Nessa tarde, em que a política (ainda) era tema de conversa entre as pessoas, no grupo que se encontrava reunido o grande dilema era em quem votar para derrotar aquele general que, naquele dia de novembro, com os seus óculos escuros, prenunciara o princípio do fim da revolução em que tão ardentemente acreditáramos: no candidato do Partido que, marcando o seu território, procurava manter o fiel eleitorado, ou naquele que simbolizava a esperança do regresso desses sonhos interrompidos? Para muitos (e não só para os mais jovens, como nós), era uma opção difícil, uma luta entre a razão (e a lealdade partidária) e o coração.
Estávamos nós nesta difícil encruzilhada, quando ele cruzou a porta do Centro de Trabalho. A sua figura imponente, a sua voz firme e decidida, fez-nos voltar a uma realidade que parecia estar tanto mais afastada, quanto maiores eram as dúvidas que as conversas nos traziam.
“O que é que aqueles cartazes, fazem ali no chão, em fez de estarem colados nas paredes?”, foi a pergunta que nos fez, para logo de seguida acrescentar “Toca a pegar nos baldes, nos pincéis e na cola e todos para rua”.
E lá fomos, os que estávamos juntos nessa tarde e ele, trinta ou mais anos mais velho do que a maioria de nós, rendidos à força das suas convicções e ao exemplo da sua vida de resistente e de lutador pela liberdade e por uma sociedade mais justa, afinal, a grande e elevada causa nos unia.
No outro dia de manhã, Santa Vitória acordou repleta de cartazes de Octávio Pato, o dobro ou o triplo dos que os apoiantes de Otelo (o Capitão de Abril que para muitos ainda era o Fidel que a nossa revolução precisava) tinham afixado.
Ele era o João, que tínhamos conhecido após o 25 de Abril e que, não obstante as diferenças de idade e do respeito e admiração que a sua biografia impunham (nomeadamente os anos passados na prisão e na clandestinidade), nos contagiava com o entusiasmo juvenil com que abraçava os ideais e as causas por que lutava. Entre muitas a que se dedicou, destacam-se a que evitou o fim do Diário do Alentejo ou, mais recentemente, a construção do monumento à Mulher Alentejana, concebido por Rogério Ribeiro e que se encontra no Parque da Cidade, em Beja.

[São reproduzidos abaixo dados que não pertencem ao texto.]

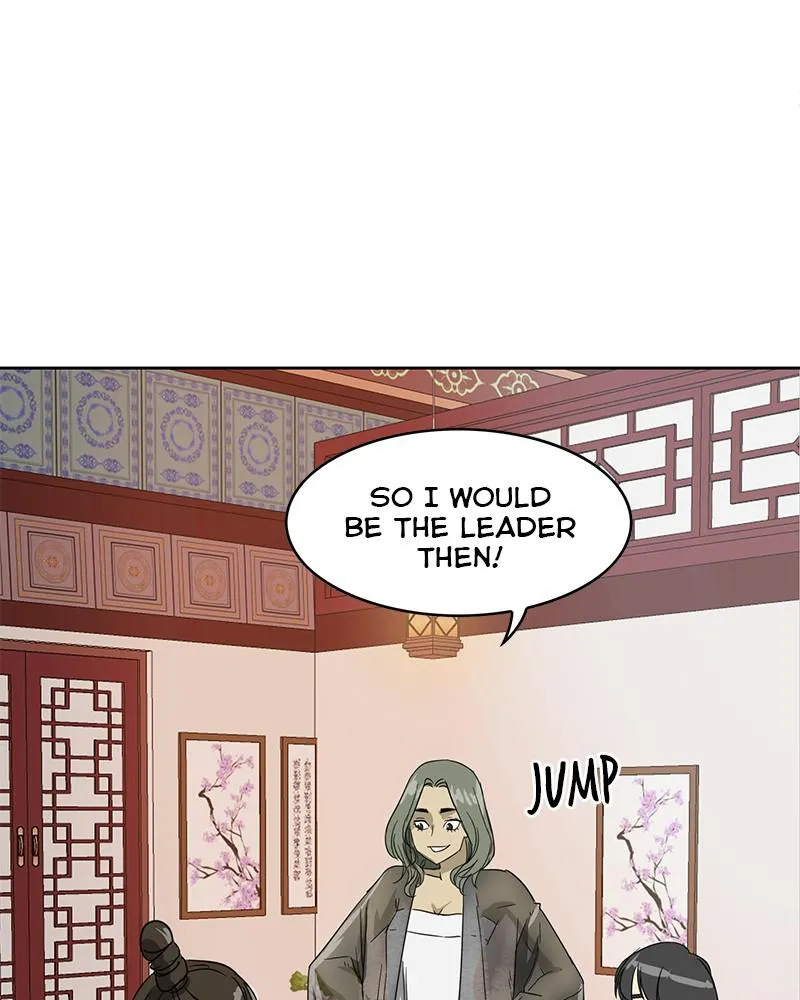 Read Infinite Leveling Murim Manga Online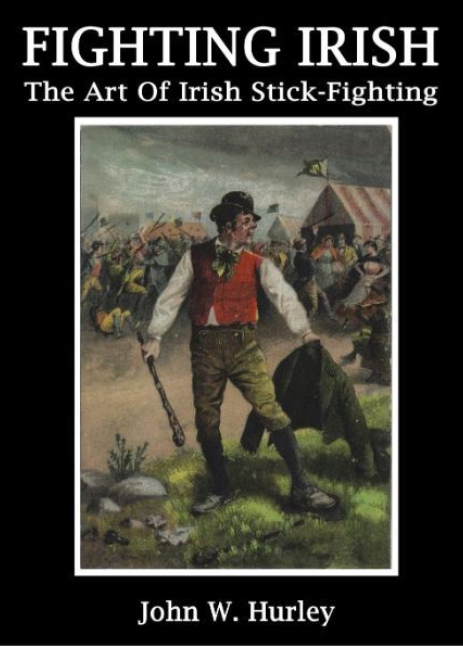 The Fighting Irish by Hurley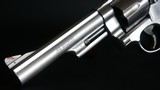 Smith & Wesson 629-8 .44 Magnum 6.5
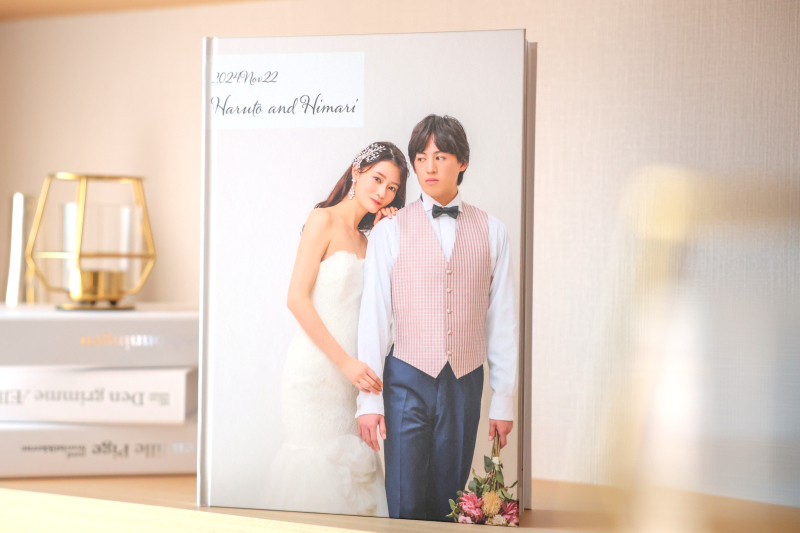 アルバム商品紹介 ~Mimosa~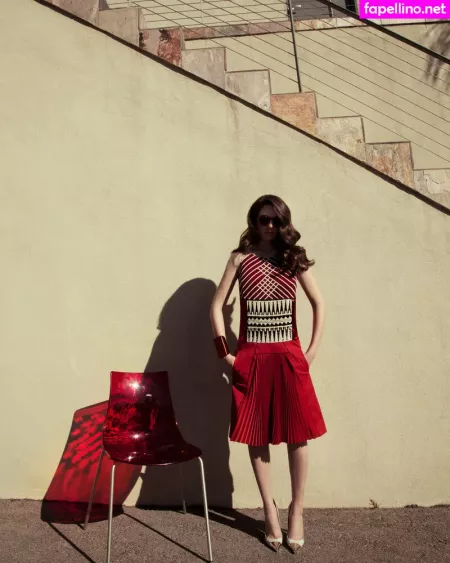 Alison Brie OnlyFans Thumbnail #IRJRraGy4R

Não foi por acaso que, no momento da sua morte, o jornal Público o designou como “… o mais carismático dos comunistas alentejanos”, tal como uns anos antes, Miguel Urbano Rodrigues, no prefácio ao seu livro “Textos Alentejanos” escrevera: “Duas palavras sobem-me logo na memória quando penso em João Honrado: revolucionário e alentejano. Não se pode compreender o homem, a sua vida e o seu combate sem tomar consciência de que nesse filho de Ferreira o alentejano e o revolucionário se fundem tempestuosamente, mas com harmonia”.
Em jeito de homenagem, deixamos aqui um excerto das palavras, escritas em março de 1963, aquando do seu julgamento político (reproduzidas em 1988 num artigo de Paulo Barriga, na revista Imenso Sul , que o blogue A Cinco Tons recordou poucos dias após a sua morte): “A cultura é contra os interesses do regime na medida em que esclarece as vastas camadas do nosso povo(…) O ódio do governo à cultura é o ódio do mentor do nazi-fascismo, Goebbels, quando afirmava: “Quando ouço falar em cultura, rapo da pistola”
Em memória do João, um Homem de Cultura.
Um abraço solidário e amigo à Alice, sua companheira.